Taxman targets multinational profit stripping
Inland Revenue has gone shopping for a database to help it fight erosion of the tax base and “profit stripping” by multinational corporations.
The database will help the taxman to independently assess the level of profitability companies should be returning for tax purposes by benchmarking the prices multinationals charge their New Zealand subsidiaries for head office services.
PwC tax partner Geof Nightingale said the tax department had been making more effort to prevent overseas-owned firms using inflated “transfer pricing” to syphon profits out of the country before they could be taxed.
“It is paying more attention and applying more resources to transfer pricing and talking more with its counterparts in other countries, generally upping its level of sophistication,” he said.
IRD said multinational enterprises often engage in cross-border transactions with associated companies, including paying for the supply of goods and services, intellectual property and financial transactions.
“How these transactions are priced may affect the profitability of both the giving and receiving entities,” it said. “If these prices are manipulated, profits may be shifted out of New Zealand.”

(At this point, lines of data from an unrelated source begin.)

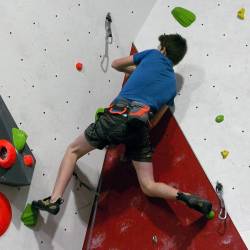 kids-klettercup-2017-86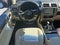 2020 Lexus GX 460 460 PREM PKG w/CAPTAINS CHAIRS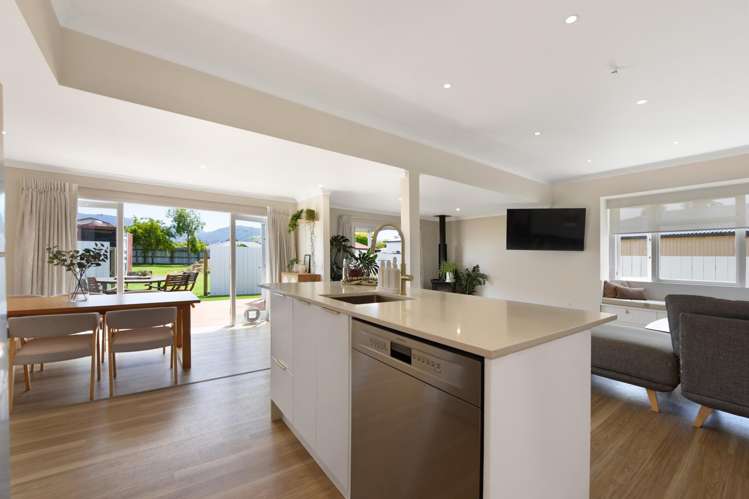 6 Saxon Street Motueka_7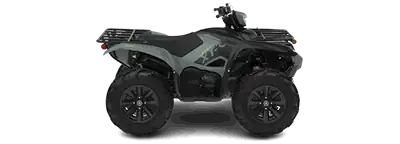 ATV
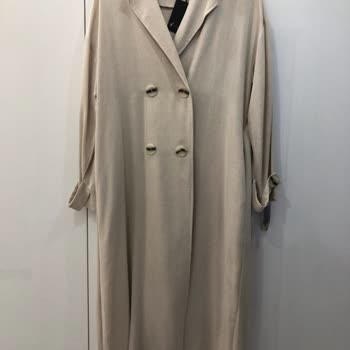 MNG Kargo Ürün Ortada Yok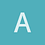 ana_h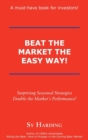 Beat the Market the Easy Way! - Book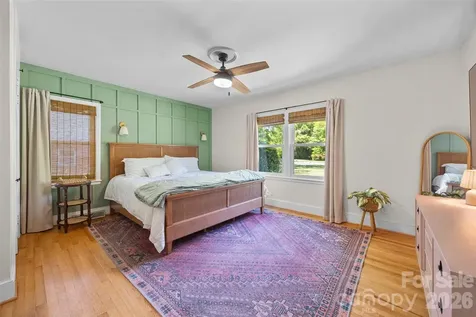 632 Sedgewood Drive Rock Hill SC 29732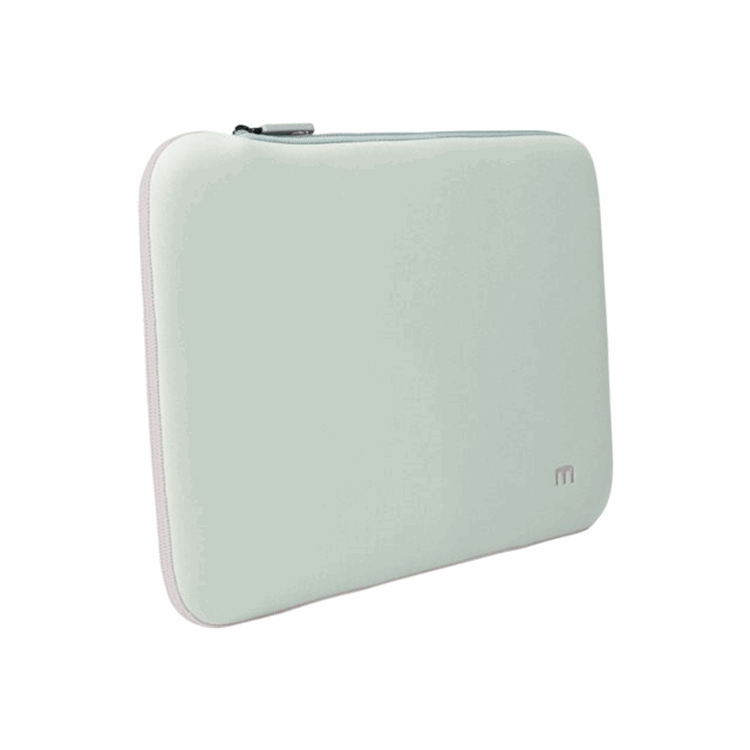 Skin Sleeve 14-16i - Grey and pink Skin Sleeve 14-16i - Grey and pink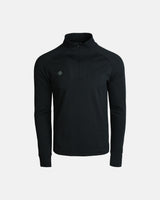 JERSEY POLAR TERMICO DE HOMBRE GRACE M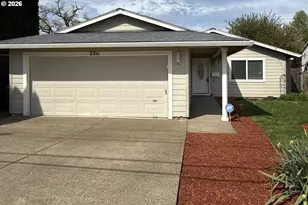 2211 23rd Ave, Forest Grove, OR 97116 - Photo 1
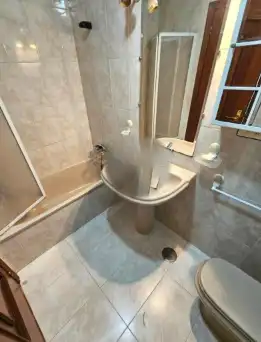 Appartement avec terrasse à vendre à Posío, imagen 12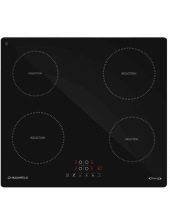 AVI6041BK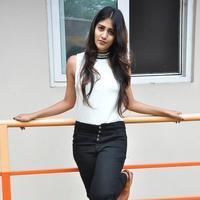 Chandini Chowdary New Stills | Picture 1329223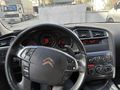 Sahibinden Citroen C4 1.6 e-HDi Confort Plus 2012 Model takas açık Gaziantep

PwC’s website advises that transfer pricing is a key tax issue for multinational companies.
“It is an important driver of shareholder value, providing an opportunity to optimise the value of a business by effective tax rate and imputation credit management,” it says.

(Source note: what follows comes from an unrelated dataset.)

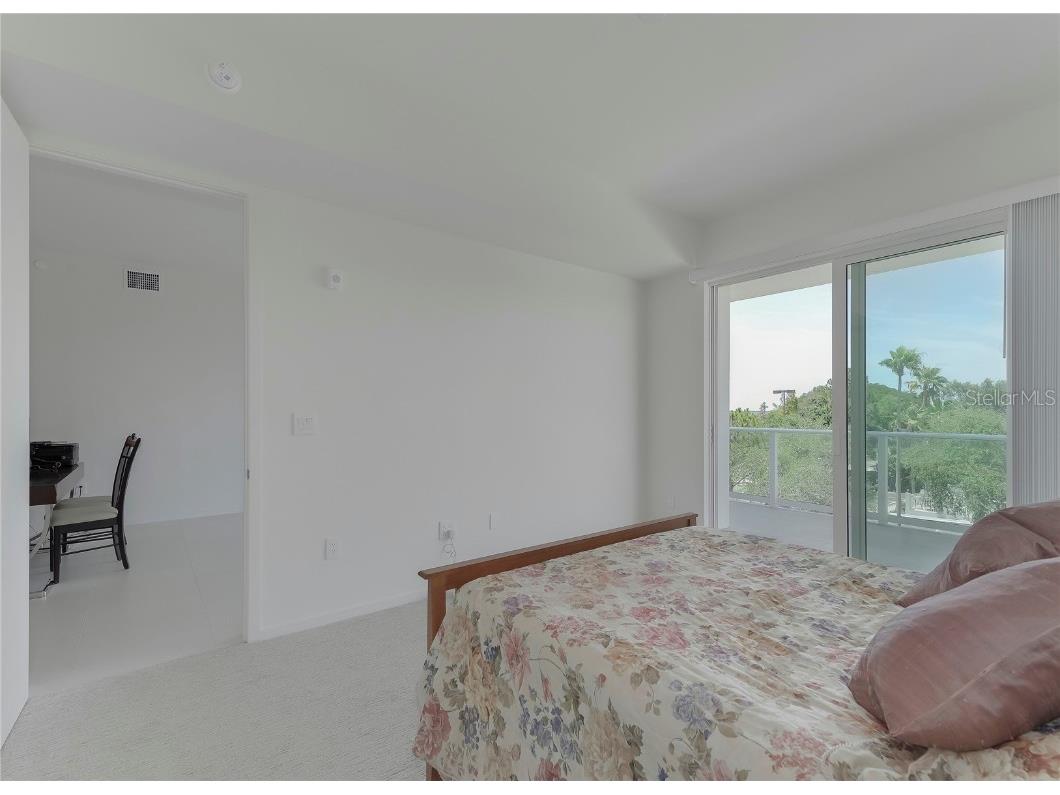 1020 Sunset Point Road #302 Clearwater FL 33755 TB8419333 image17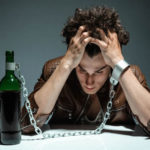 The Increasing Alcohol Problem in Australia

“Managing transfer pricing risk remains critical in an increasingly aggressive environment. New Zealand’s Inland Revenue continues to focus on transfer pricing and is currently considering adjustments which, in aggregate, amount to hundreds of millions of dollars.
“Taxpayers will continue to face regular investigations as transfer pricing is included as an integral component of Inland Revenue risk reviews and audits.”

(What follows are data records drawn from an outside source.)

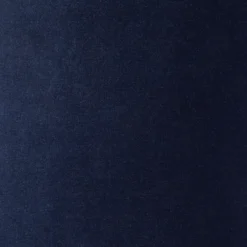 Housse De Coussin MATIA Bleu Nuit -Décoration & meubles pour la maison housse de coussin MATIA 009119 B20 C1 7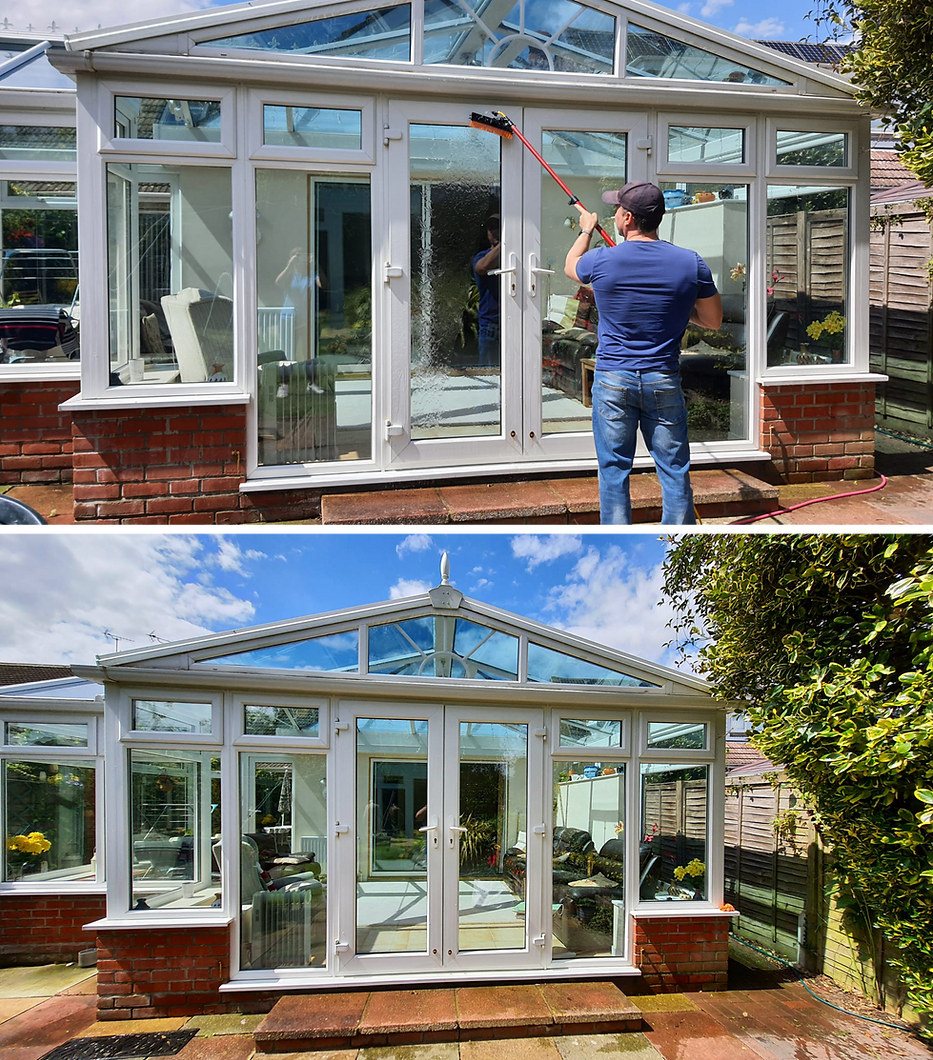 Window And Conservatory Clean In Colchester - Wivenhoe.png
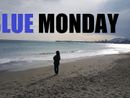 Che ci crediate o no, oggi, 20 gennaio è il Blue Monday Che ci crediate o no, oggi, 20 gennaio è il Blue Monday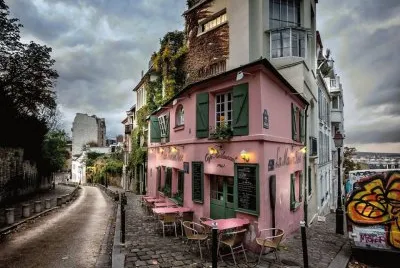 NÂº 668 jigsaw puzzle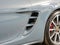 2017 Porsche 718 S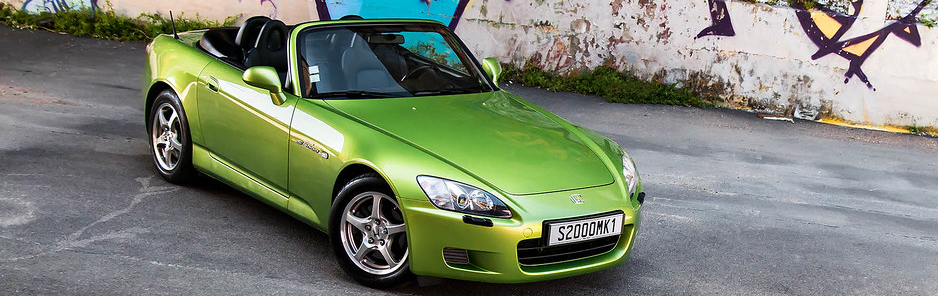 HONDA REPLACEMENT NUMBER PLATES img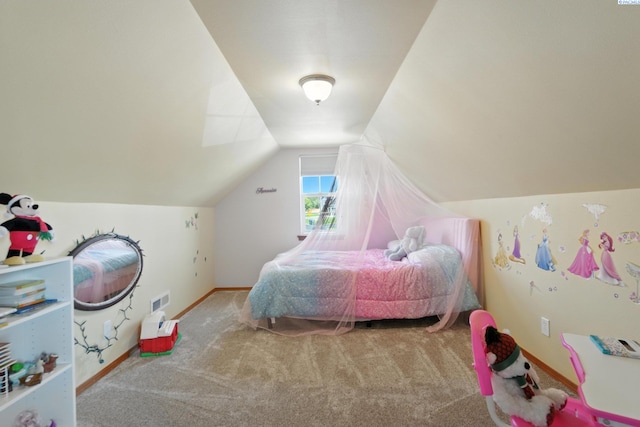22803 Cottonwood Springs Blvd, Kennewick, WA 99338 - photo 20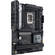 ASUS TUF GAMING B860-PLUS WIFI LGA 1851 ATX Motherboard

The firm recommends multinationals develop a “sophisticated and tailored audit defence strategy”.
This would include the use of Advance Pricing Agreements (APAs), up-front deals with the tax office setting the service charges multinationals can levy on their New Zealand subsidiaries. Such strategies can deliver audit and litigation cost savings, PwC says, and “embed a cost effective defence” in potential audit situations.
IRD says APAs are ideally suited to issues involving intangibles, such as intellectual property charges, which can result in a wide range of opinions on pricing.
Nightingale said the new database initiative dovetailed with the work the Organisation for Economic Co-operation and
Development and the G20 were doing to crack down on multinational tax rorts but he believed it would probably be happening anyway.
“Inland Revenue has always had a specialist transfer pricing unit so it’s not a major shift, but it is gearing up to improve its focus and this is a further indication of that,” he said.
“What it is calling for is to build a database of comparative pricing data that it will use to benchmark transactions. I imagine it will also be populating that database with whatever retail pricing it can find online and from its own audits and over time it will become quite a rich source of information.”
Given it would take time to build up the pricing information in the database, any impact on businesses would not be overnight but cumulative over time, he said.
Inland Revenue said it had established its specialist transfer pricing unit to advise investigators, recognising not only the significance of transfer pricing but also its complexity.
“The community expects multinational enterprises to contribute their fair share via the tax system. Sometimes this is in conflict with the potential for revenue losses to arise due to incorrect transfer pricing policies and practices.”
IRD’s proposed database would create indicators to benchmark the performance and profitability of the subsidiaries of multinational enterprises and to examine links between offshore entities who may also be associated in New Zealand.